Content starts

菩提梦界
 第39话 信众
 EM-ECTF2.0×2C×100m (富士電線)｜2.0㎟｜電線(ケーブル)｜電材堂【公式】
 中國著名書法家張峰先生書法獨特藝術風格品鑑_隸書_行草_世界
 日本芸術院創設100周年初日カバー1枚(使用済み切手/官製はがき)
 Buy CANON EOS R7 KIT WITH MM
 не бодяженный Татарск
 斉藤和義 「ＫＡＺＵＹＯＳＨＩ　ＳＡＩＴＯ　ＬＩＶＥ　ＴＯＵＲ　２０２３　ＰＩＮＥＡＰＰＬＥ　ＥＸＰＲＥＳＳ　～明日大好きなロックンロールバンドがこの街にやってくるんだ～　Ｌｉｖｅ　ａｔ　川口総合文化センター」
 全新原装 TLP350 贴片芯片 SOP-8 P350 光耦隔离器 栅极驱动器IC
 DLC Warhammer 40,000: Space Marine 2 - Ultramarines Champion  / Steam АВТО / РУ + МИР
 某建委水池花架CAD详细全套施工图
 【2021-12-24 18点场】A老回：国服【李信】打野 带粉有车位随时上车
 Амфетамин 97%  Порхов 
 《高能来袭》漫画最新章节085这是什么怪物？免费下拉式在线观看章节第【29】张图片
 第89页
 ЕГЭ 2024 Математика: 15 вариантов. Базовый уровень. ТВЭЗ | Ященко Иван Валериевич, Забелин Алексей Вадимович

Content ends

Could you transcribe the entries above word for word, from the line with "日本芸術院創設100周年初日カバー1枚(使用済み切手/官製はがき)" down to the line with "全新原装 TLP350 贴片芯片 SOP-8 P350 光耦隔离器 栅极驱动器IC", keeping both?

Result:
 日本芸術院創設100周年初日カバー1枚(使用済み切手/官製はがき)
 Buy CANON EOS R7 KIT WITH MM
 не бодяженный Татарск
 斉藤和義 「ＫＡＺＵＹＯＳＨＩ　ＳＡＩＴＯ　ＬＩＶＥ　ＴＯＵＲ　２０２３　ＰＩＮＥＡＰＰＬＥ　ＥＸＰＲＥＳＳ　～明日大好きなロックンロールバンドがこの街にやってくるんだ～　Ｌｉｖｅ　ａｔ　川口総合文化センター」
 全新原装 TLP350 贴片芯片 SOP-8 P350 光耦隔离器 栅极驱动器IC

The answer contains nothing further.